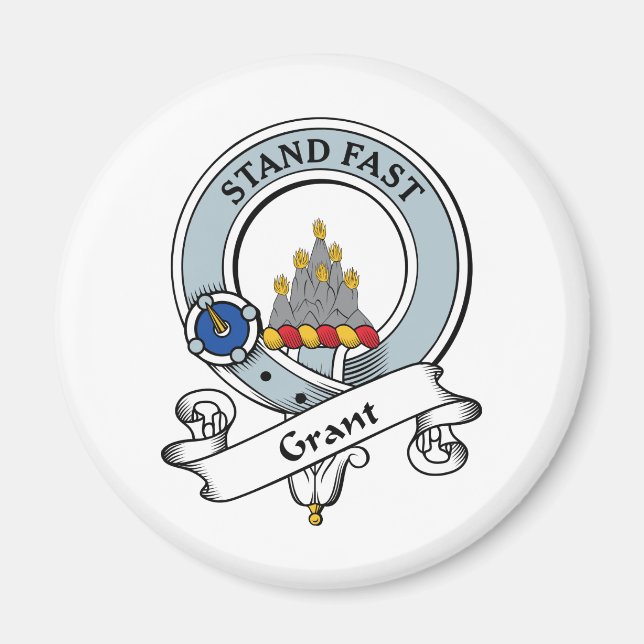 Aimant Grant Clan Badge (Devant)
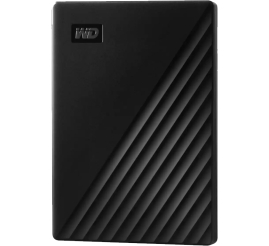 Slika izdelka: WD My Passport 1TB USB3.2 2,5" WDBYVG0010BBK-WESN črn zunanji trdi disk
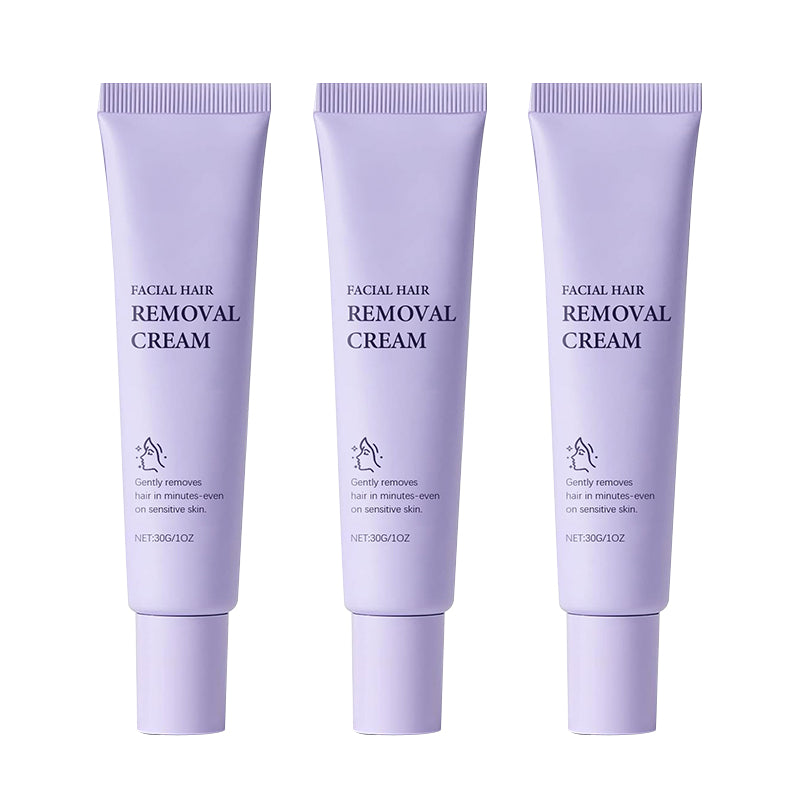 šLast Day Special Price Ā£2.8š„Buy 3 Get 2 Freeļ¼5pcsļ¼š„Gentle and Painless Facial Hair Removal Cream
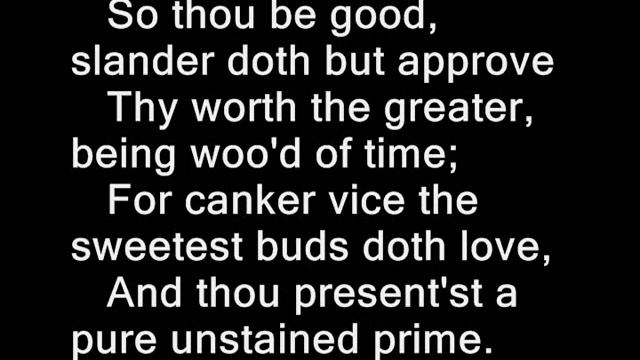 Sonnet 70 смотреть онлайн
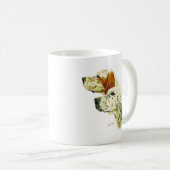 Engelse Setter Koffiemok (Voorkant rechts)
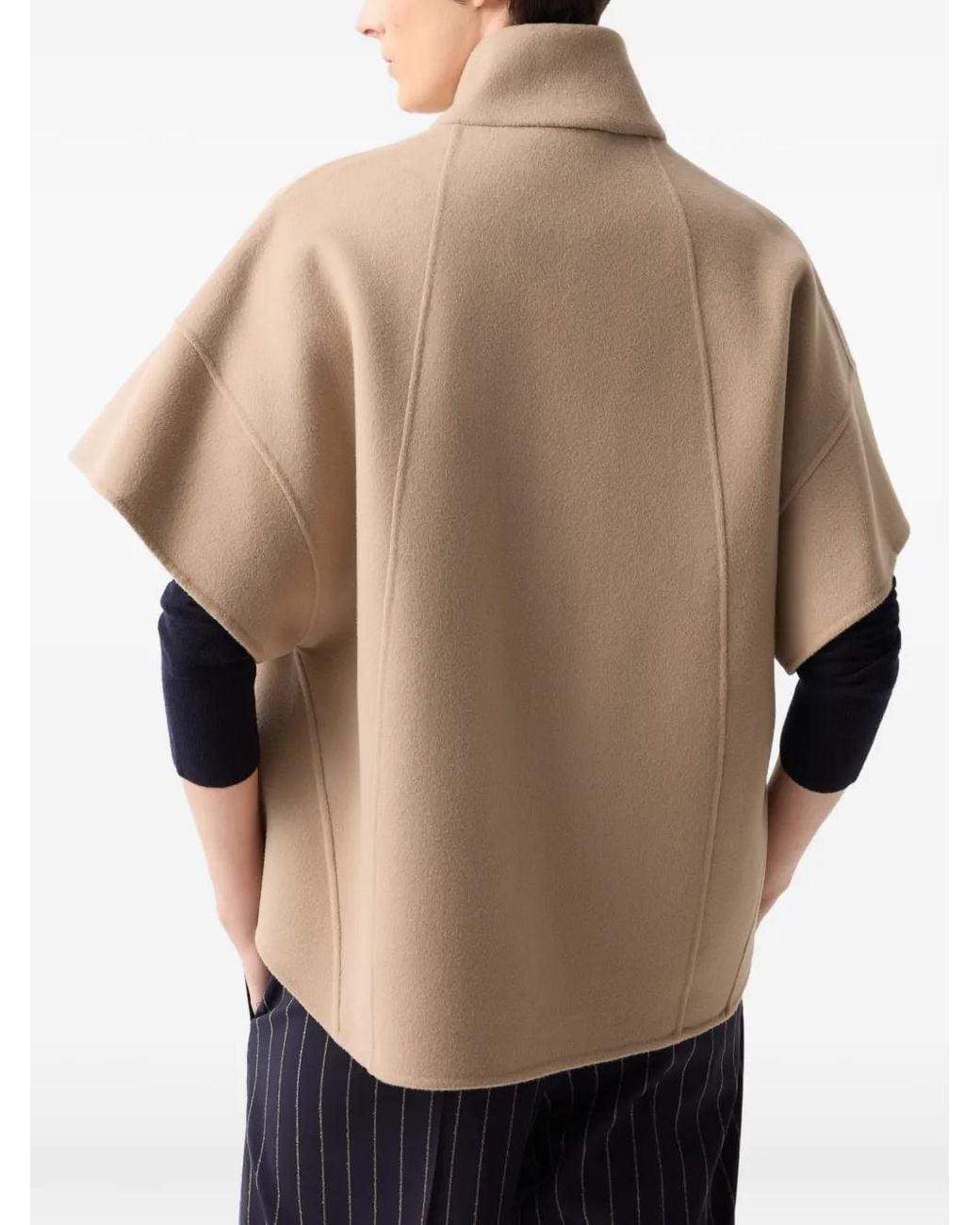 Bogner Natural Venice Double-Face Cape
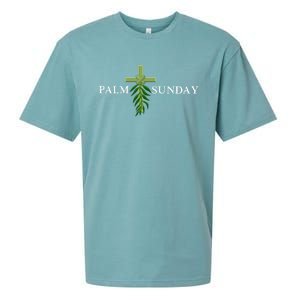 Palm Sunday Domingo De Ramos Gift Sueded Cloud Jersey T-Shirt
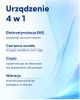 Aplikacja urządzenia EMS Cellublue na linię żuchwy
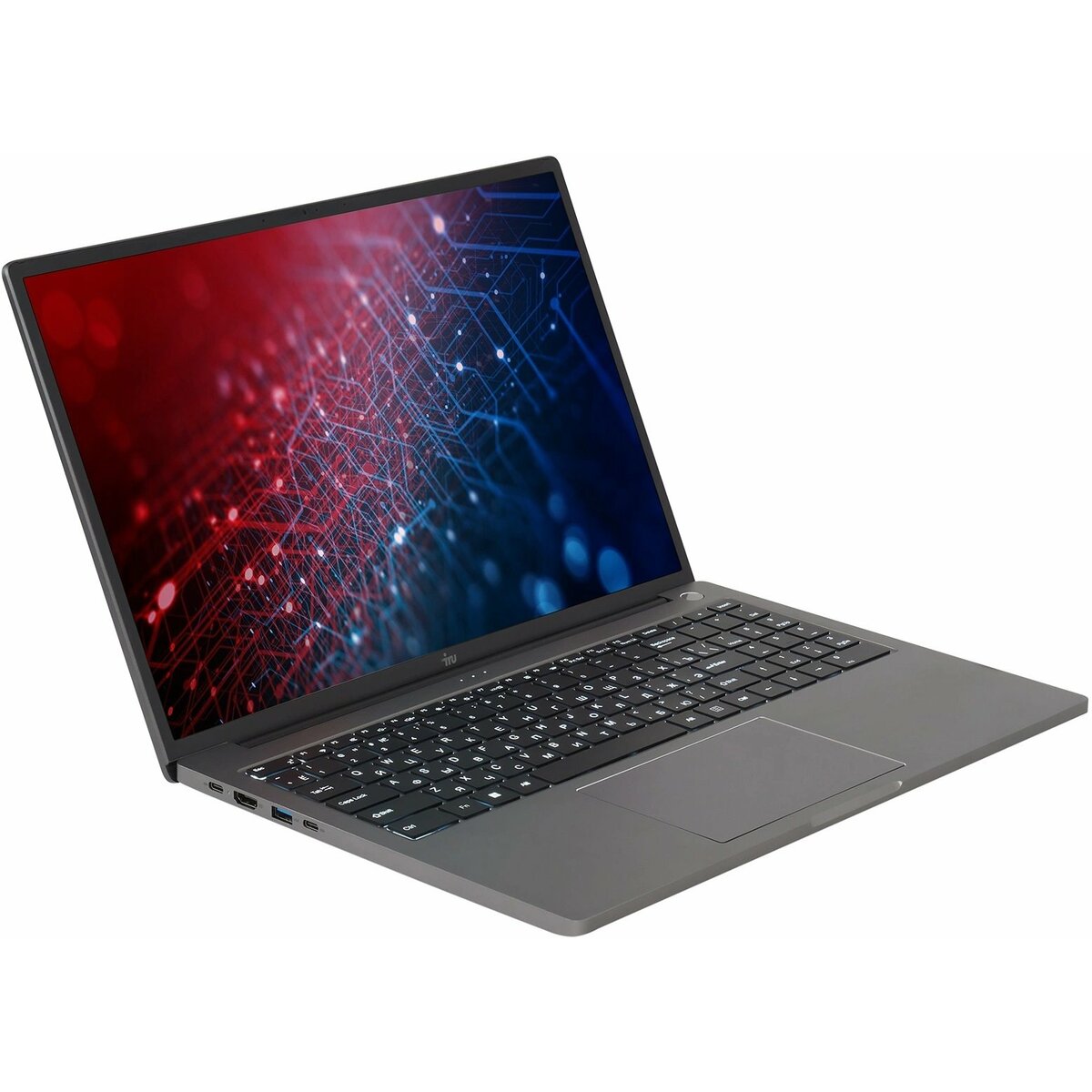 Ноутбук IRU Strato 16ALMR (Core i7 12650H 2.3Ghz/32Gb DDR4/SSD512Gb/Intel UHD Graphics/16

-.-.-

*Task instructions:*
All pictures should be dropped; the lines from the one containing "Engelse Setter Koffiemok (Voorkant rechts)" through the last line of the material are to be set down exactly.

*Response for this exercise:*
 Engelse Setter Koffiemok (Voorkant rechts)
 Bogner Natural Venice Double-Face Cape
 Palm Sunday Domingo De Ramos Gift Sueded Cloud Jersey T-Shirt
 Aplikacja urządzenia EMS Cellublue na linię żuchwy
 Ноутбук IRU Strato 16ALMR (Core i7 12650H 2.3Ghz/32Gb DDR4/SSD512Gb/Intel UHD Graphics/16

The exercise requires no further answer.